May's Cabinet rehuffle follows last week's UK general election, which was designed to strengthen the Government's hand ahead of Brexit negotiations. In a disastrous result for the Conservative Party, however, the party lost its majority in the House of Commons, the UK's lower house.

While the Conservatives, under May, remain the largest single party in the House of Commons, they have been forced to form a minority government and looking for support from Northern Ireland's Democratic Unionist Party. The two sides are set to enter talks this week on a potential working arrangement.

May has faced criticism from within her own party for the decision to call an election and the manner in which she conducted the campaign. The Cabinet reshuffle, which saw relatively few changes to the front bench, will largely have been designed to shore-up support within May's own ranks after initial calls for her resignation were muted within the party. 

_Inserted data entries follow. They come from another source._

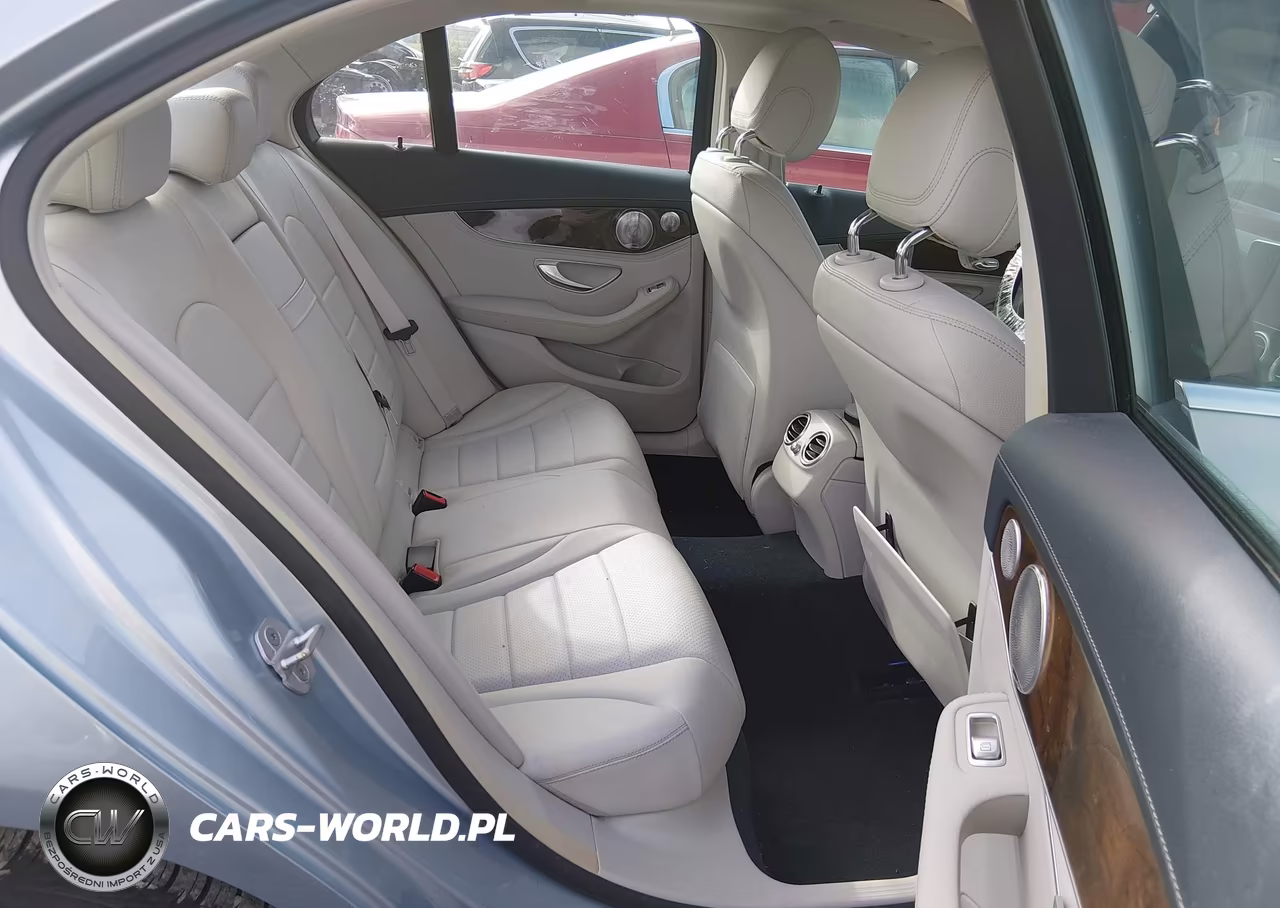2015 Mercedes-Benz C 300 Luxury 4Matic VIN:55SWF4KB4FU063996 - 8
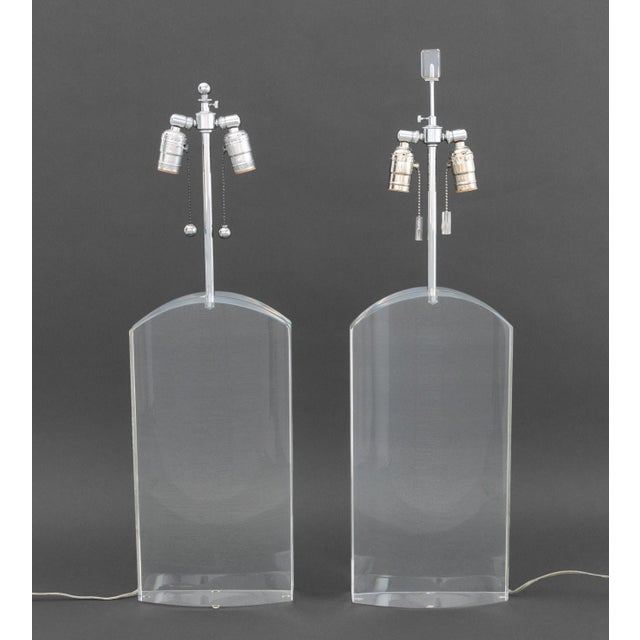 Modern Modern Clear Acrylic and Chrome Table Lamps, Pair For Sale - Image 3 of 8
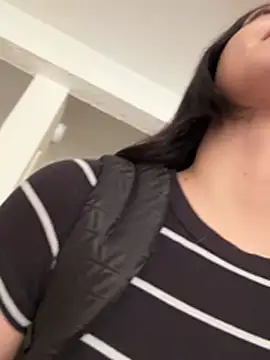 Rebbecawhite meow online show from February 28, 3:46 pm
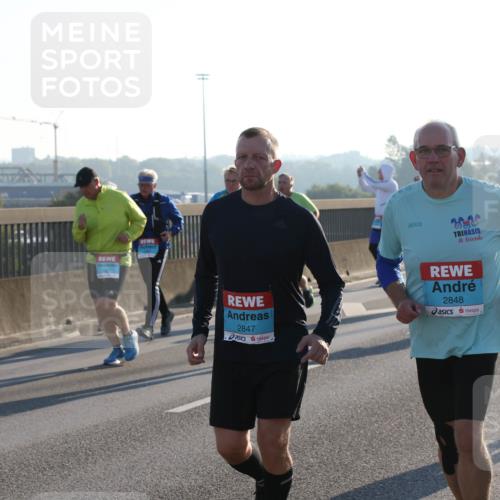 03.10.2025 - Köhlbrandbrückenlauf Lena Gebhardt http://msf.ph/oto/9068214 03.10.2025 09:24:13 Position 1 2847, 2848, 1991 meine-sportfotos.de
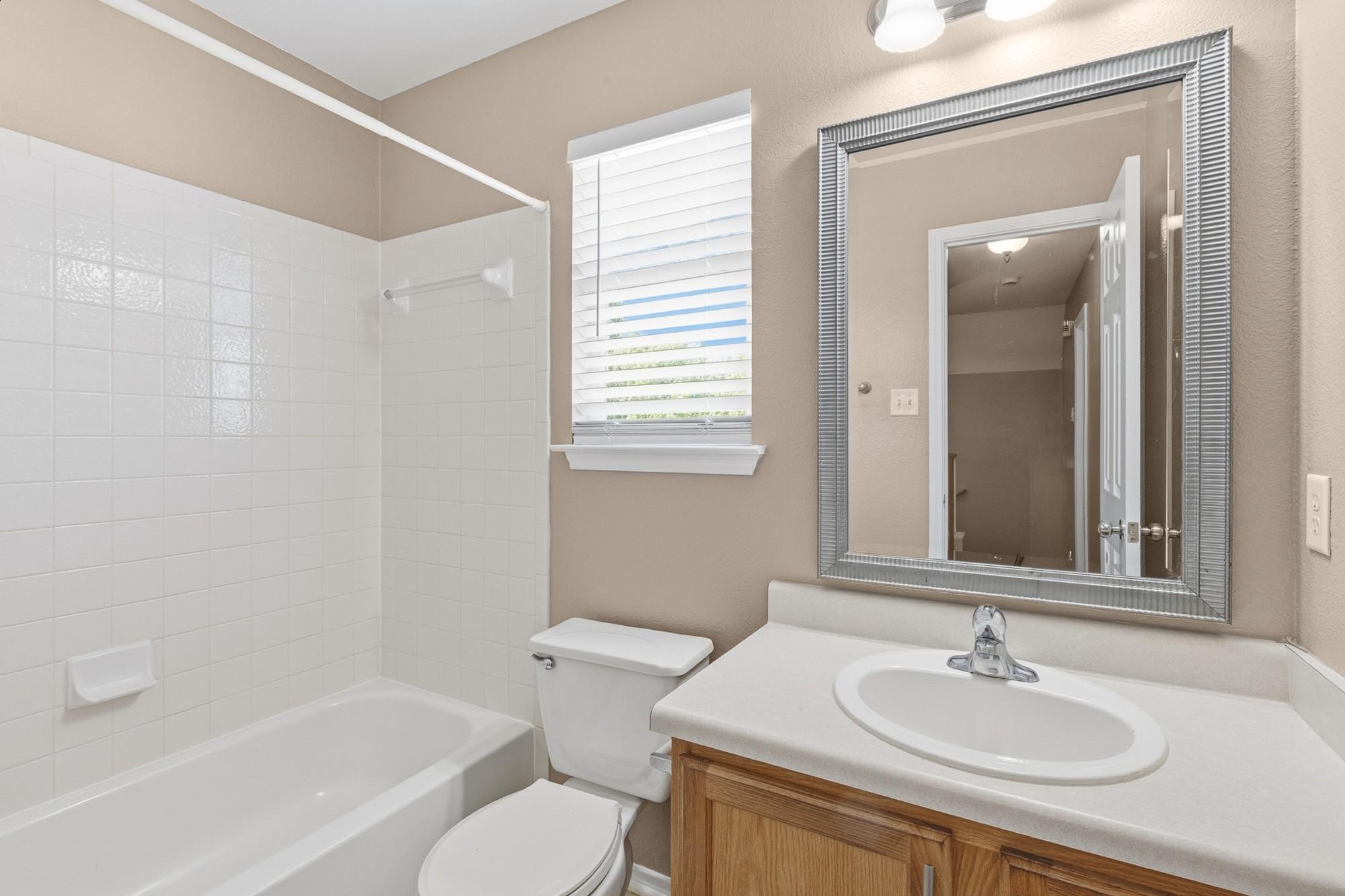 115 Teasley, Kyle, TX 78640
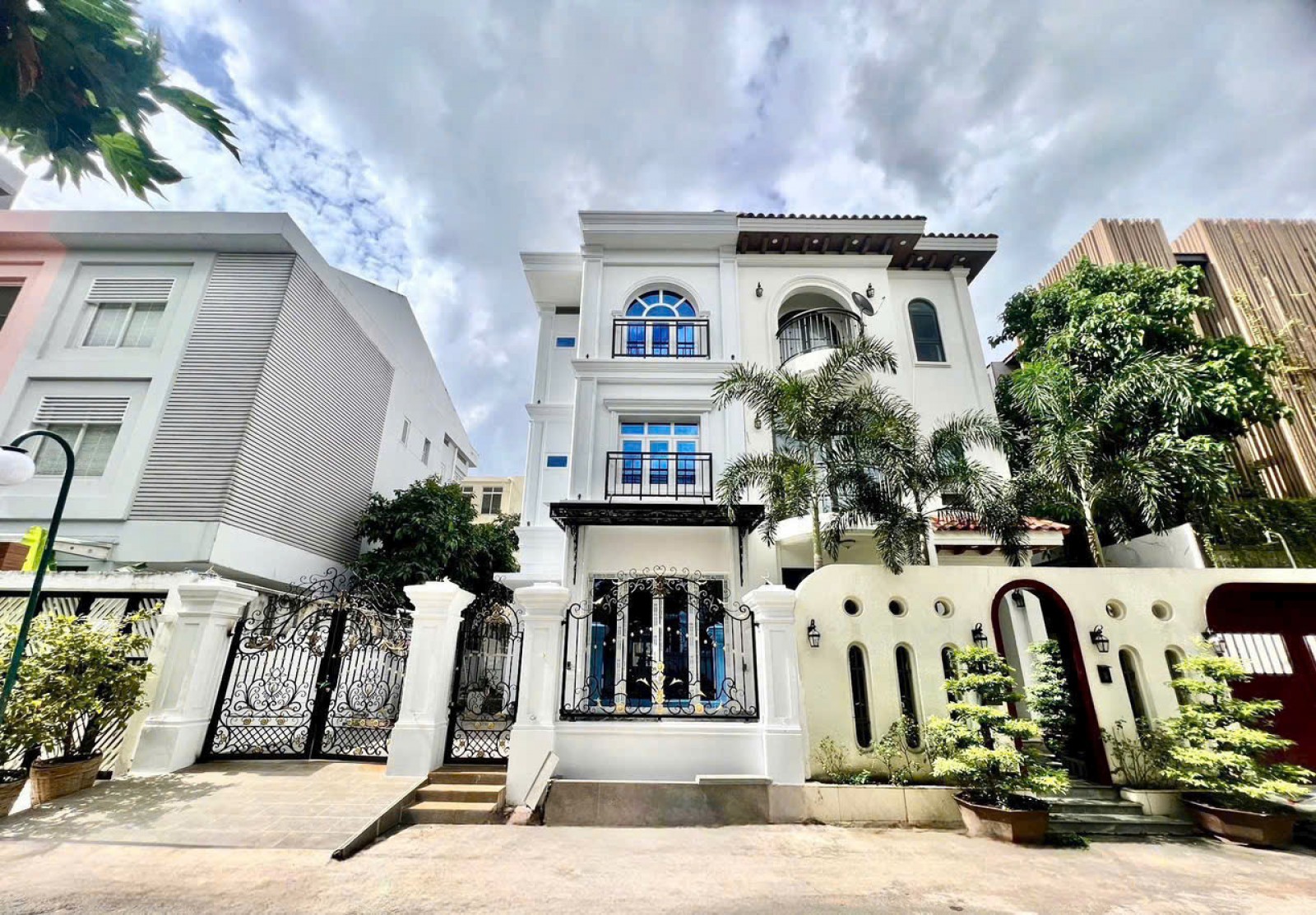 Cho thuê Biệt thự đẹp mới decor Mỹ Hưng, cạnh căn hộ Urban Hill Quận 7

Gove, a vocal Brexit campaigner, told Sky News he was "surprised" by the appointment. 

"I am delighted to be part of the government, I am delighted to be able to support Theresa to ensure that we have a government capable of delivering on the people's wishes," he said, referring to last year's UK referendum on its membership of the EU, which saw a majority vote to leave.

UK election result raises food sector hopes of better Brexit - column

Gove was a prominent member of the 'leave' campaign during the referendum. In his new post, he will head what looks set to become one of the more important government department's both during the UK's negotiations with the EU on its departure from the bloc and once the country leaves. For example, The EU's Common Agricultural Policy, a significant source of income for UK farmers, will have to be replaced by a UK system.

Responding to the appointment, Ian Wright, director general of the Food and Drink Federation, which represents food and soft drink manufacturers operating in the UK, said: "It is a big boost that the Prime Minister has appointed one of the Cabinet's heaviest hitters to a ministry so significantly at the heart of Brexit. We very much look forward to working with Mr Gove and his new team. With them and with friends from NFU and across UK food and drink we will champion the growth of the industry in the exciting months to come."

Previously, Gove served as government chief whip and Parliamentary Secretary to the Treasury, Lord Chancellor and Secretary of State for Justice and Education Secretary. When he was overseeing the Department of Education, between 2010 and 2014, Gove became embroiled in an argument with May, then Home Secretary, over the alleged infiltration of Birmingham schools by hardline Islamists. Gove's allies at the Department for Education blamed the Home Office for the scandal, prompting May's aides to publish confidential cabinet correspondence attacking Gove.

While the UK Education's Secretary, Gove also attempted to remove the teaching of climate change from the school geography curriculum.